Hi guys.  Anyone have advice for me.  My rusty 1935 crossbrace handle bars are just slightly bent.  Possibly took a impact to the right side.  The right handle is bent back 6-10 degrees inward.
I don't have a vice to clamp it down and hit /with a mallet.  What should I do?  Or, who or what type of person could straighten my bars out? Appreciate anyones thoughts, thanks.  -  Nick


----------



## Andrew Gorman (May 19, 2012)

Get a vise! Here is a useful gadget-
http://books.google.com/books?id=-2HVAAAAMAAJ&dq=bicycle repairing&pg=PA115#v=onepage&q&f=false


----------



## prewar (May 20, 2012)

*Bars*

Find a friend with a large vise, and stable workbench.

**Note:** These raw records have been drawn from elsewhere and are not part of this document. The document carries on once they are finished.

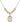 Saint Sebastian Crystal Necklace | 3/4 inch | 6mm Beads _x0014_  14kt Gold Filled
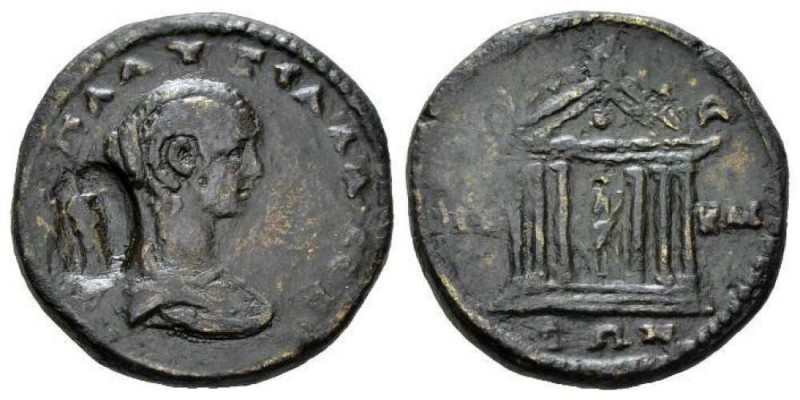 Bithynia, Nicaea Plautilla, wife of Caracalla Bronze 200-205, Æ 27mm., 13.49g. D...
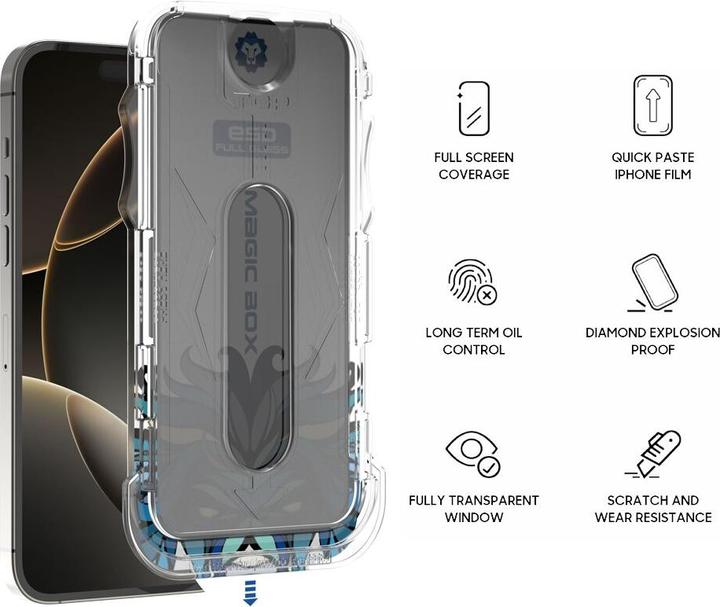 Immagine prodotto Lito Vetro blindato privacy incluso strumento di installazione (1 Pezzo/i, Apple iPhone 16 Pro Max)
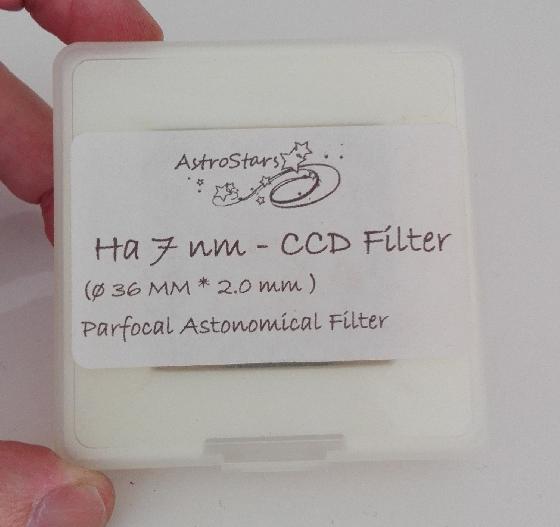 Fitre astrostars Ha 7nm en 36mm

Are the crossbars removable? I've cold bent bars with removeable crossbars with a long pipe 3 ft + slipped over the end of the bars.  Measure what you have to start with before you start bending. This way you can measure your progress. Work slowly.


----------



## Nick-theCut (May 20, 2012)

That's good advice, thanks.  I wish I had my own workbench/vise setup.  I'll check my buddy list 

What type of business typically has a shop vise available?


----------



## prewar (May 21, 2012)

*bending bars*

This may sound weird but if you have any friends that have High School students , some of the schools have auto shop class. May be able to go in to bend the bars. Muffler shops.  Venice High has an adult auto shop class for night time adult students. It's great you have access to all types of equipment.


----------



## MagicRat (May 21, 2012)

I can only recomend trying to re-bend them yourself.

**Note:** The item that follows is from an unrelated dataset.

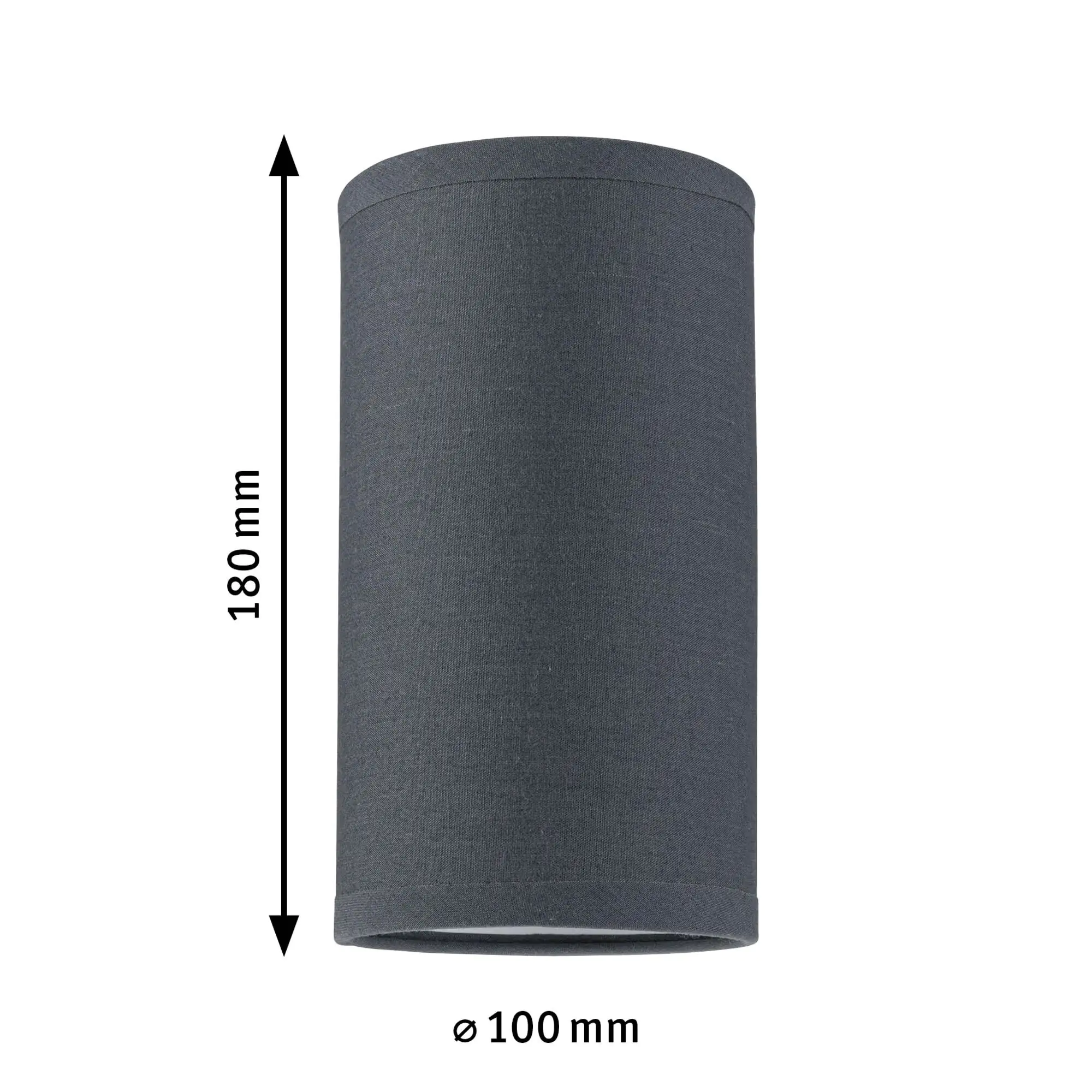 Paulmann URail Lampenschirm Valerio 2Easy anthrazit 10 x 18 cm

If somebody else breaks it...you will hate them for the rest of your life.

(ask me how I know)


----------



## Nick-theCut (May 21, 2012)

Haha, sounds like an interesting life experiance.  I think I got the info I was looking for... Tell us.  How did you end up hating someone for life MagicHat?


----------



## MagicRat (May 22, 2012)

If I posted the story...You would hate him too.


----------



## Nick-theCut (May 22, 2012)

haha.  Good job at not spreading the negativity.  Take care all.  -  Nick


----------



## bricycle (May 22, 2012)

Maybe you could get by with putting under a cars tire. Tire won't crush bar, but should be heavy enough to hold to bend....Unless you have a Ford Smart Car...lol!


----------



## Nick-theCut (May 22, 2012)

This may be a genius idea Brian.  Way to think creatively.


----------